Could it be that P and O took radio seriously?


----------



## sparkie2182 (May 12, 2007)

"Cunard, who could not wait to get rid of the R/O's on QE2 come GMDSS..."

Tell me about it!!!


----------



## Troppo (Feb 18, 2010)

R651400 said:


> Not sure what you mean by seriously in the context of my posting #10.
> Direct employ or radio company we were all governed by the same regulations.
> As an example of my era I believe Brocklebanks installed equipment that I understand was inhouse built or for a better word homebrew that complied with the IOWT regulations of the time.


I meant that they were not afraid of spending money when it was justified.

I meant that there must have been a radio department manager with authority to specify the equipment fit, rather than some deck super who knew bugger all about radio and was interested in the bottom line.

I meant that they saw the value of having 2 receivers (and 2 transmitters) to make the R/O's job easier, and therefore increase efficiency.

Ergo, they took radio seriously...


----------



## sparkie2182 (May 12, 2007)

And could switch one thru to the Communal AE.


----------



## Ron Stringer (Mar 15, 2005)

Regulations had nothing to do with the fitting of any radio room equipment beyond the SOLAS minimum of Main & Reserve MF transmitters, main & Reserve receivers, autokeying device and 500 kHz auto alarm receiver. (The Reserve transmitter and the Reserve receiver only had to be capable of working on 500 kHz).

A lot of British R/Os became quite snooty when speaking of radio installations, believing the Red Duster meant high standards.

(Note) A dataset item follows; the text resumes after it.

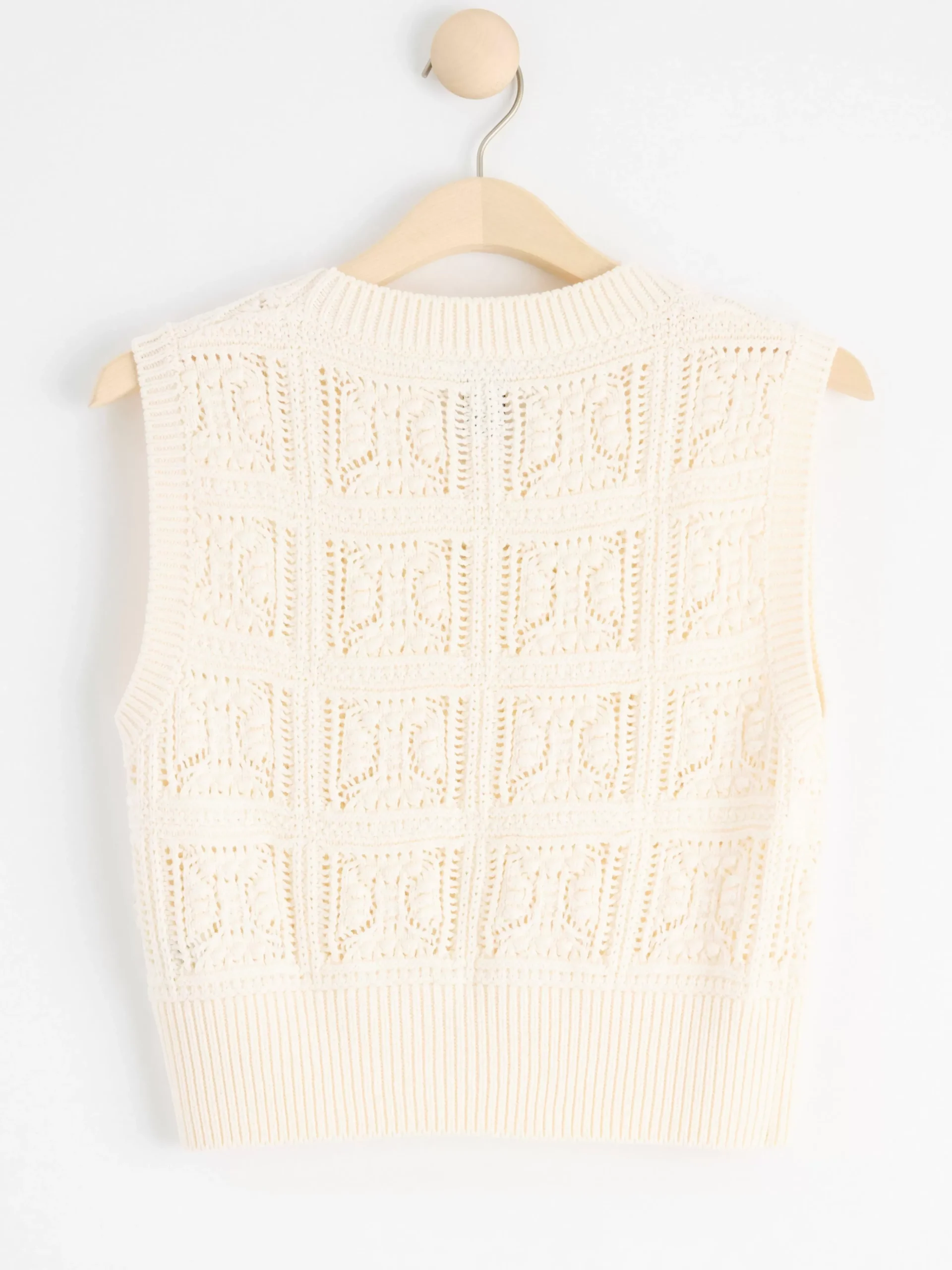 Stickat>Lindex Stickad Slipover Light White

However there were quite a lot of UK ships that only had a basic installation as outlined above (and they were not all tramp outfits). The much-condemned 'FOC' vessels were generally far better equipped.

Of course deep-sea trawlers left them all behind, including most of the passenger liners, when it came to radio installations.


----------



## Tony Selman (Mar 8, 2006)

Having worked for both, I can assure you that Brocklebank's and P and O had great confidence in their R/O's and expected very high standards of maintenance from them. As previously stated P and O equipped their ships very highly and also supplied a lot of spares. Brock's were not quite as good but they were nonetheless a very good company to work for and also very well equipped. Both companies had quite large Radio Departments run by a Superintendent supported by several very experienced ex R/O's.
The story of Brock's having home made equipment is true although I did not personally sail with it. I believe it dates from WW2 when an emergency receiver was made by the Department and had a designation similar to HP1 with the HP standing not for High Power but Huntley and Palmer, denoting the origin of the outer casing! Certainly no post war built ships had such equipment.
As Troppo says, both companies did take radio very seriously and I for one thoroughly enjoyed my career because of it.


----------



## Roger Bentley (Nov 15, 2005)

*Brocklebank receivers AC1940 and AC1944*

Hi Tony, Yes you are quite right two receivers were developed by the radio department largely due to the expert advice of George Kellam who worked with Bailey the senior radio superintetnedent. They were indeed housed in what looked like biscuit tins and designed to eliminate as much as possible radiation from the IF frequencies. This radiation was used by a lot of intercept operators to try and find illicit use of radios during the war and after. Regards, Roger


----------



## Tony Selman (Mar 8, 2006)

Thank you Roger. I had a feeling you might come up with the answer.


----------



## gwzm (Nov 7, 2005)

Brocklebank's SS Mahronda/GDNB had two Redifon R50M receivers and a Brocklebank-built emergency receiver of later vintage than the HP models. The R50M usually used on MF was U/S and I had called GNF with the closing TR, before docking in London, whilst listening on the emergency receiver. That resulted in a bollocking from him because the emergency receiver didn't have QSK and he'd been trying to break in.

Happy days,

GWZM/John


----------



## Troppo (Feb 18, 2010)

The later generation marconi consoles (Conqueror/Apollo/Sentinel/Lifeguard N) were quite flexible.


I used to use the Lifeguard N AA as the 500 watchkeeping rx and the Sentinel as the MF working rx - the Lifeguard N had a BFO, and was quite sensitive. 

I normally left the Apollo on HF.

The Salvor 3 em tx was good on the coast as well.


----------



## RayL (Apr 16, 2008)

This is slightly off-topic, but never mind.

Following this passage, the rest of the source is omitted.